Soon after, Swift and Miller were asked to copy-edit a sex education manual for junior high school students with the intended goal of encouraging mutual respect and equality between female and male students.
However, the original text of the pamphlet continually used masculine personal pronouns such as "he" so that it was unclear whether the manual's original author was writing about both males and females or males alone. The use of masculine pronouns to refer to both male and females undermined the stated goal of establishing equality between the students.
Swift later said, "We suddenly realized what was keeping [the author's] message - his good message - from getting across, and it hit us like a bombshell," in a 1994 interview for the National Council of Teachers of English. She went on to say, "It was the pronouns! They were overwhelmingly masculine-gendered."
Swift and Miller realized that masculine nouns in English are often used to generalize both male and females, often to the point of ignoring females. This led Swift and Miller to wage what The New York Times would later call "a forceful campaign against what many considered sexist language."

=== "Desexing the English Language" ===
After this realization, Swift and Miller began to explore and promote awareness of the ways in which the English Language is gender biased towards men.
The next year, Swift and Miller published an article titled "Desexing the English Language" in the inaugural issue of the magazine Ms., which had been run as an insert in the New York Magazine on December 6, 1971. Swift would later remark that the public response to this article received both praise and ridicule. Soon after, in April 1972, they went on to publish "One Small Step for Genkind" in The New York Times Magazine. Other articles were eventually published in The Washington Post and, over the years, in many additional national periodicals.

=== Words and Women ===
Swift and Miller's work culminated in their publishing of the book Words and Women in 1976 by Doubleday, which Women's Media Center called "a world-changing book".

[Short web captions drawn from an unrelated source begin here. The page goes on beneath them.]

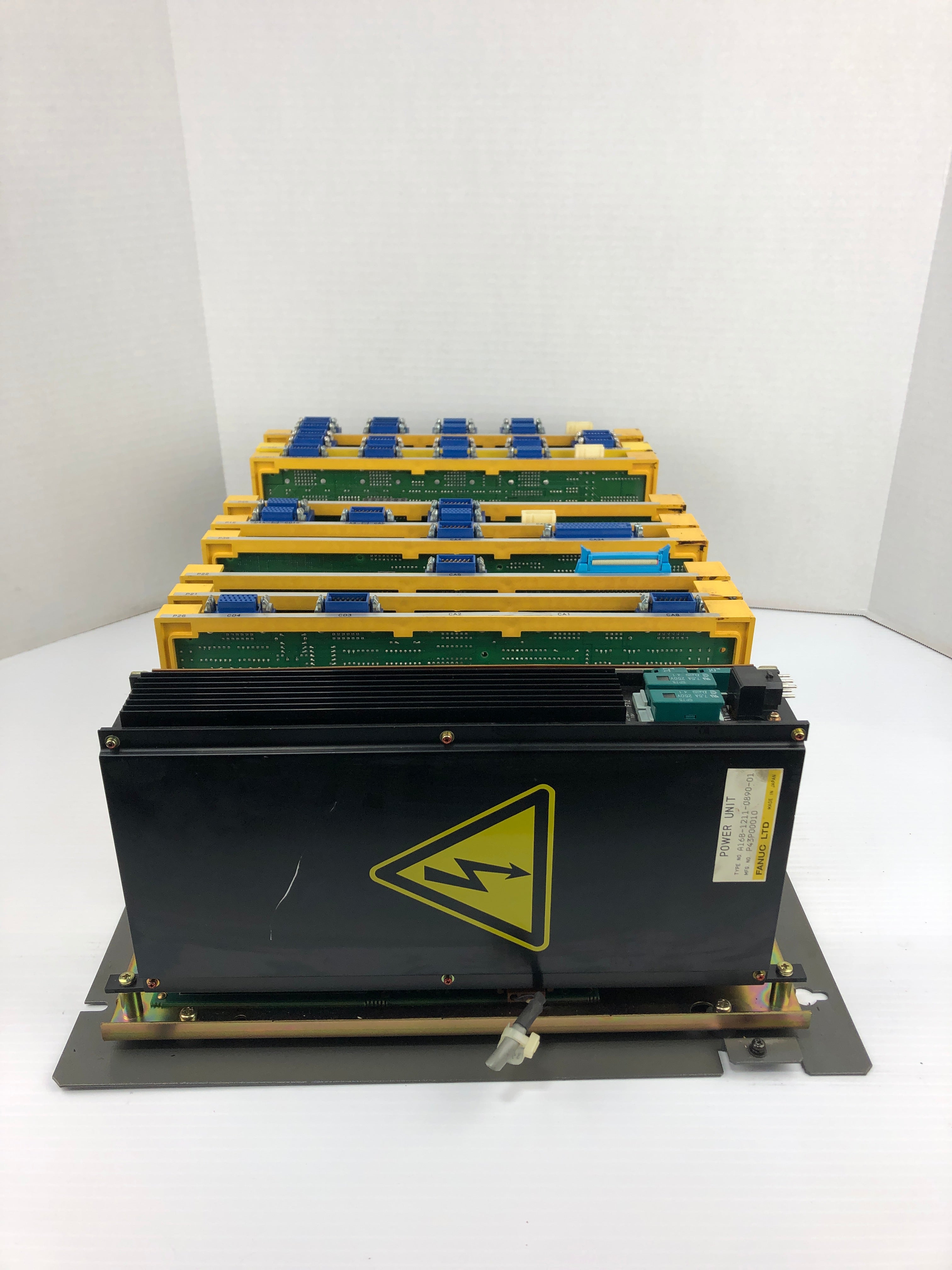 Fanuc A02B-0094-B502 PLC Rack Circuit Board Assembly Series 15-TTF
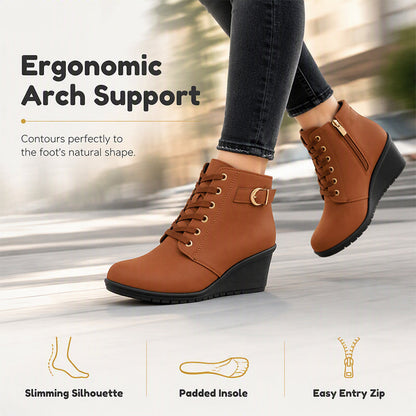 Women's Wedge Heel Ankle Boots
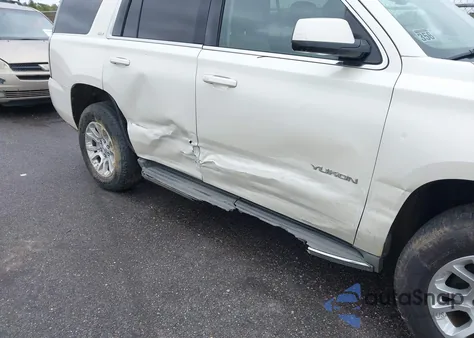 2015 GMC Yukon Slt из США, поврежденный, VIN 1GKS2BKC8FR131434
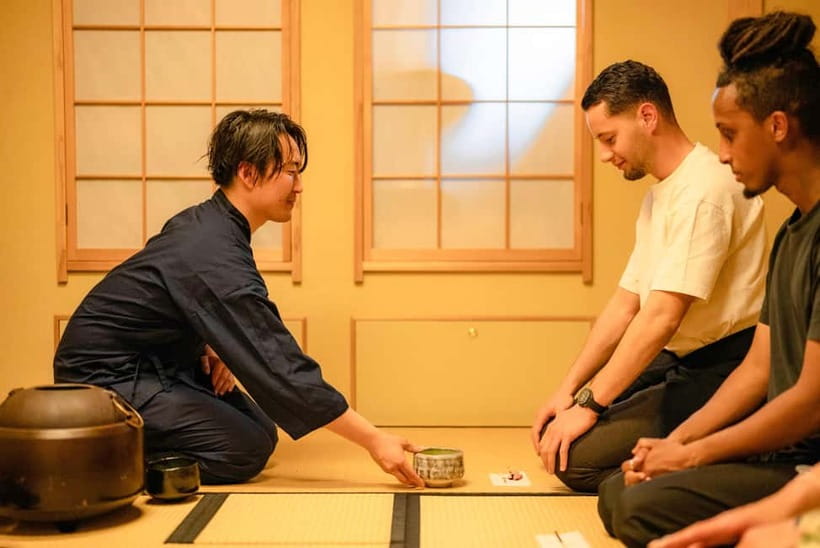 Nara:Authentic Tea Ceremony(Max 5 ppl) -Master Matcha Making - Key points to know before booking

=== The Handbook of Nonsexist Writing ===
In 1980 Swift and Miller wrote The Handbook of Nonsexist Writing and had it published by Lippincott & Crowell and in 1988 by HarperCollins.
Senator Chris Dodd later said that this handbook is "still considered the standard reference guide on how to correctly utilize language in order to properly address and speak of women."

==Activism==
In 1977, Swift became an associate of the Women's Institute for Freedom of the Press (WIFP).

==Burial==
Miller was buried in Madison, Connecticut and was later joined by Swift, upon Swift's own death in 2011.

==Legacy==
Because of their efforts, the Hartford Courant later titled Swift and Miller as "leaders in the women's movement of the 1970s" and a duo who "took on the pronoun he [...] along with the rest of what they and other feminists considered male-biased language in countless articles and speeches as well as in their books." Eventually people became aware of the "implicit discrimination in" the English language and "writing and speaking without using masculine-gender words" began to catch on. Furthermore, some of Swift and Miller’s actual proposals for non sexist language eventually found their way into everyday usage. For example, according to the St. Paul Pioneer Press, "Some of the authors' proposals gained traction. Many newspapers, textbooks and public speakers avoid "fireman" and "stewardess" nowadays."

Swift and Miller’s personal papers and records are kept in the Special Collections and University Archives at the University of Oregon in Eugene, Oregon.